Total Value of Opportunity
Total Value of Opportunity (TVO) is a metrics-based methodology for measuring business performance. This Gartner-developed model brings a number of factors together to derive the business value of IT investments, thereby providing a basis for IT decision-making.
TVO measures business performance based on three important factors: risk, time, and the effectiveness of converting projected value into actual business benefit. It is important to note that these metrics must be rooted in the business, not in IT. The business and finance stakeholders determine investment criteria for all types of investments and must bear much of the responsibility for exploiting the technology correctly to deliver the projected business benefit.
The key components of the TVO methodology are:
- Cost analysis: Cost must be examined on the basis of TCO principles to ensure that visible, hidden, one-time, and recurring costs are all included.
- Benefit analysis: Benefits must be modeled against a holistic framework of business metrics, which represent all of the controllable activities of an enterprise.
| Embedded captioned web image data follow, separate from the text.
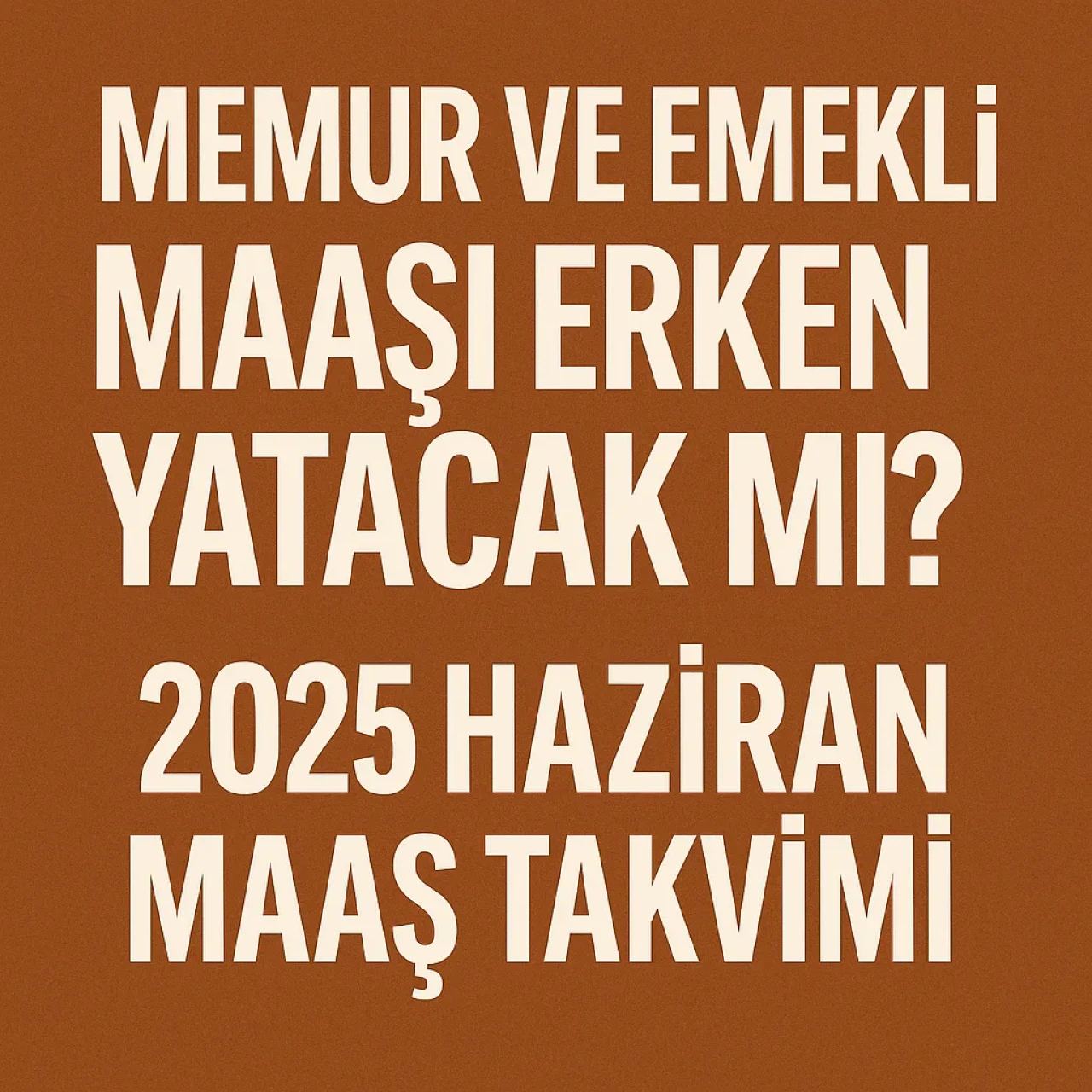 Kurban Bayramı Öncesi Memur ve Emekli Maaşı Erken Yatacak mı? 2025 Haziran Maaş Takvimi Merak Ediliyor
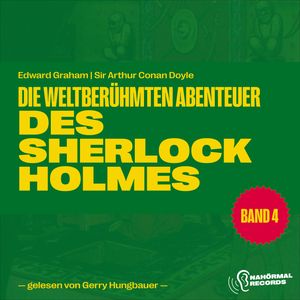 Die weltberühmten Abenteuer des Sherlock Holmes (Band 4), Edward Graham, Sir Arthur Conan Doyle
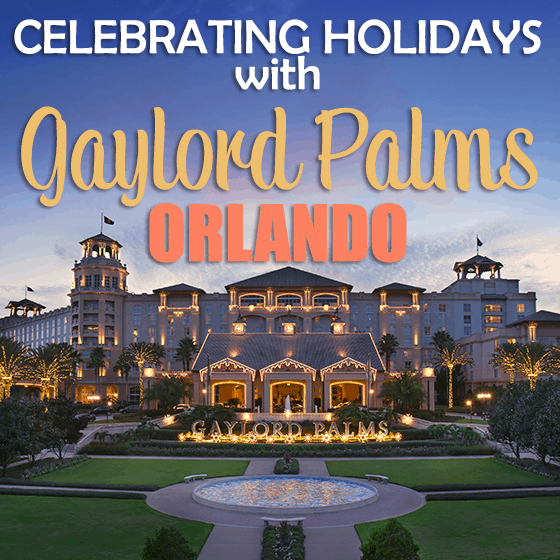Celebrating The Holidays With Gaylord Palms Orlando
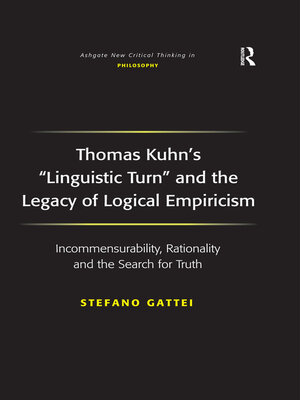 cover image of Thomas Kuhn's 'Linguistic Turn' and the Legacy of Logical Empiricism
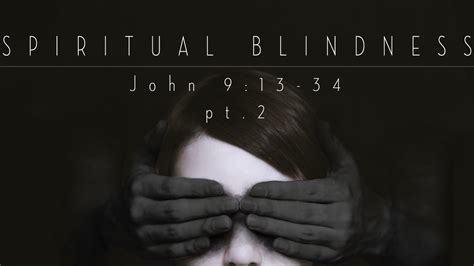 Spiritual Blindness Part 2 Emmanuel Baptist Church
A sample set of these activities is discussed and divided into nine categories: market responsiveness, sales effectiveness, product development effectiveness, customer responsiveness, supplier effectiveness, operational efficiency, HR responsiveness, IT responsiveness, and finance and regulatory responsiveness.
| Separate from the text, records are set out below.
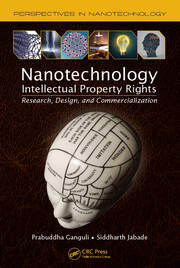Nanotechnology Intellectual Property Rights: Research, Design, and Commercialization book cover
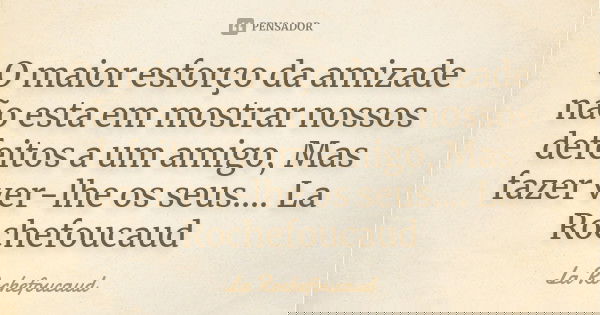 O maior esforço da amizade não esta em mostrar nossos defeitos a um amigo, Mas fazer ver-lhe os seus.... La Rochefoucaud... Frase de La Rochefoucaud.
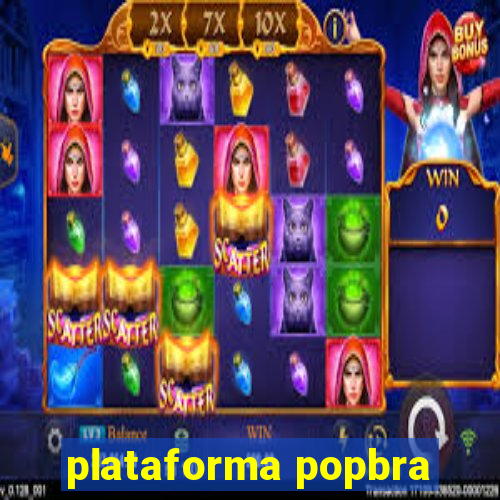 plataforma popbra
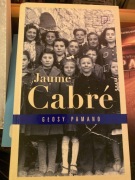 Głosy Pamano. Jaume Cabre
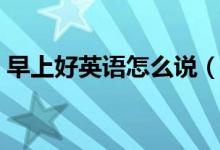 早上好英語(yǔ)怎么說(shuō)（如何用英語(yǔ)表達(dá)早上好）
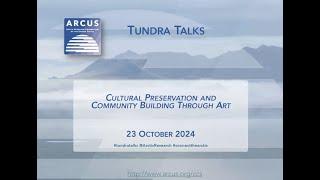 Tundra Talks: Cultural Preservation and Community Building Through Art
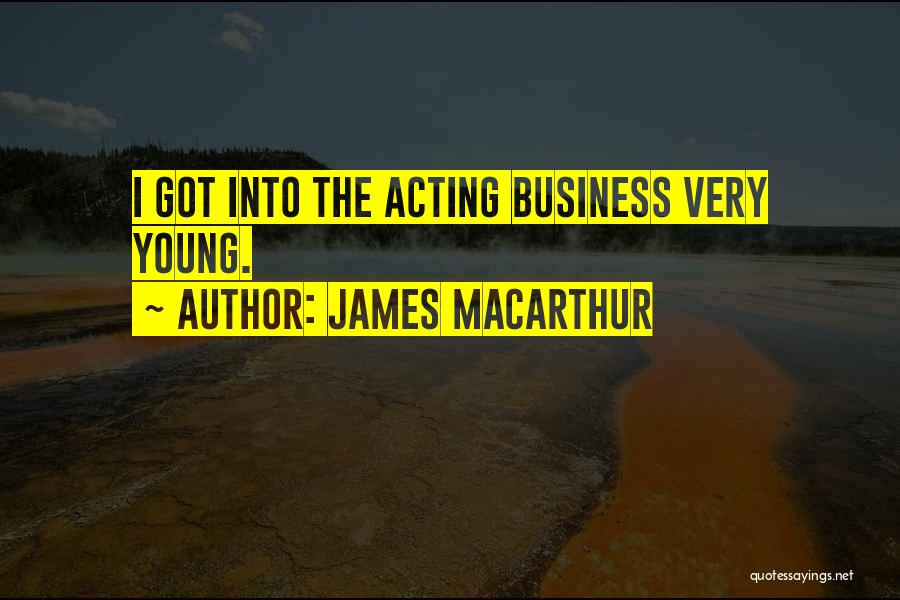 James MacArthur Quotes: I Got Into The Acting Business Very Young.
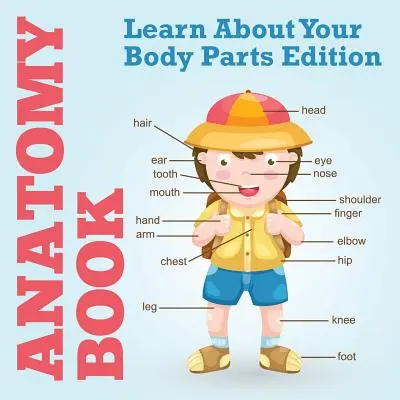 Anatomická kniha: Poznej části svého těla - Anatomy Book: Learn About Your Body Parts Edition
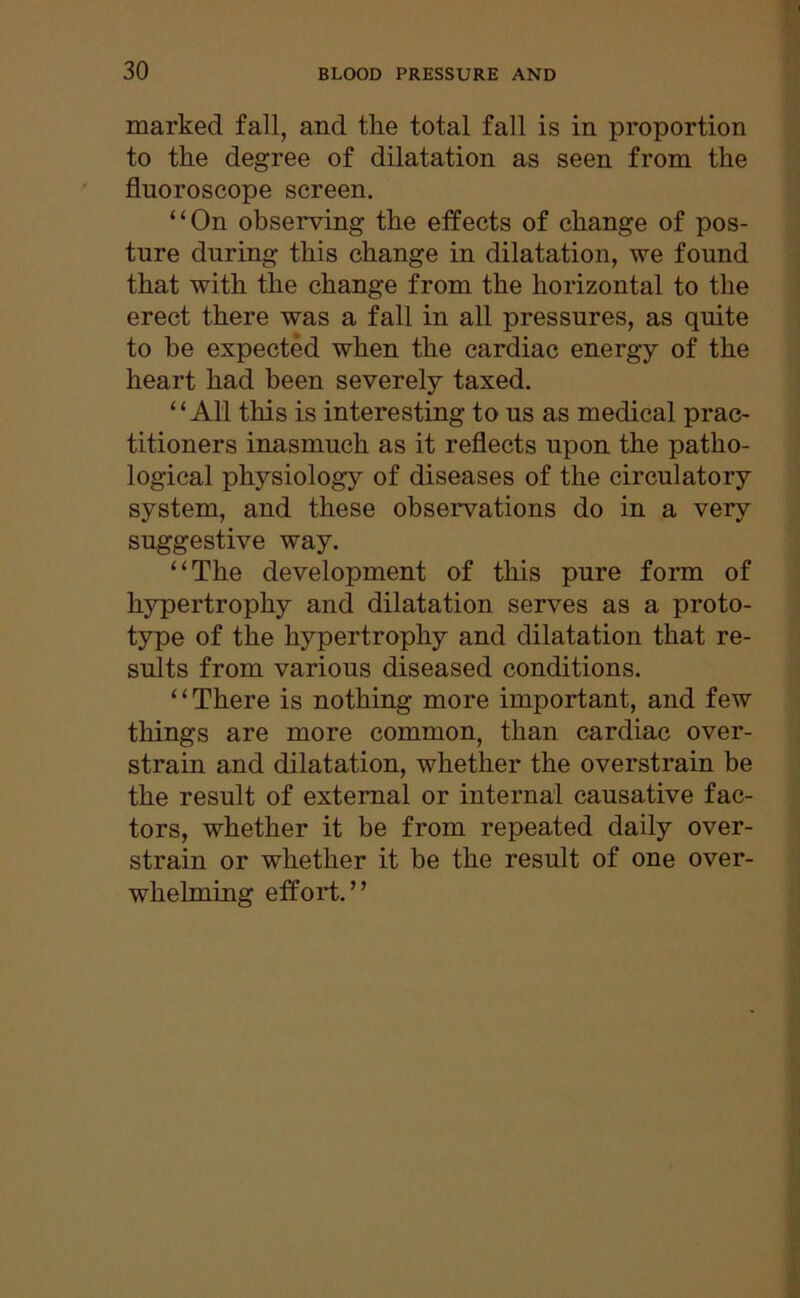 marked fall, and the total fall is in proportion to the degree of dilatation as seen from the fluoroscope screen. “On observing the effects of change of pos- ture during this change in dilatation, we found that with the change from the horizontal to the erect there was a fall in all pressures, as quite to be expected when the cardiac energy of the heart had been severely taxed. “All this is interesting to us as medical prac- titioners inasmuch as it reflects upon the patho- logical physiology of diseases of the circulatory system, and these observations do in a very suggestive way. “The development of this pure form of hypertrophy and dilatation serves as a proto- type of the hypertrophy and dilatation that re- sults from various diseased conditions. “There is nothing more important, and few things are more common, than cardiac over- strain and dilatation, whether the overstrain be the result of external or internal causative fac- tors, whether it be from repeated daily over- strain or whether it be the result of one over- whelming effort.”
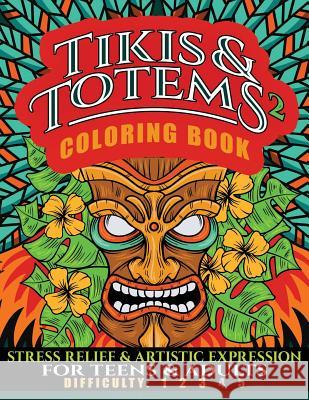 Tikis & Totems 2 Coloring Book: Stress Relief & Artistic Expression for Teens & Adults N. D. Author Services 9781986790765 Createspace Independent Publishing Platform
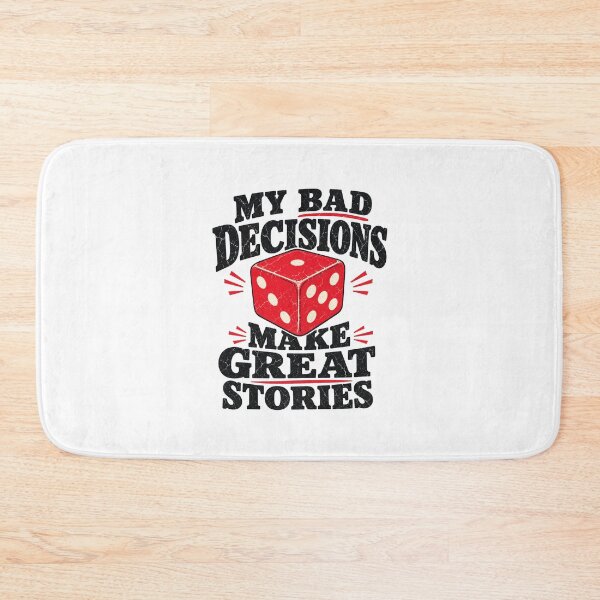 Item preview, My Bad Decisions Make Great Stories - Funny Quote designed and sold by Uglyandcute.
- Future uncertainty: Many IT-enabled business initiatives, particularly those with infrastructure components, are not expected to deliver all their value to a single source, or to meet a single need within a precise time frame. A complete value analysis must enable some quantification of the value that a successful initiative would deliver to the business at a future time.
- Enterprise needs: IT initiatives need to be measured against enterprise needs in five areas: strategic alignment, risk, direct payback, architecture, and business process impact. The more closely a project meets the needs of the areas deemed important by the enterprise, the more likely it is to be an appropriate investment for that organization.
Each of these components is assigned a weighting relevant to the enterprise. The resulting product determines each project's value and therefore its priority in the portfolio of changes being contemplated.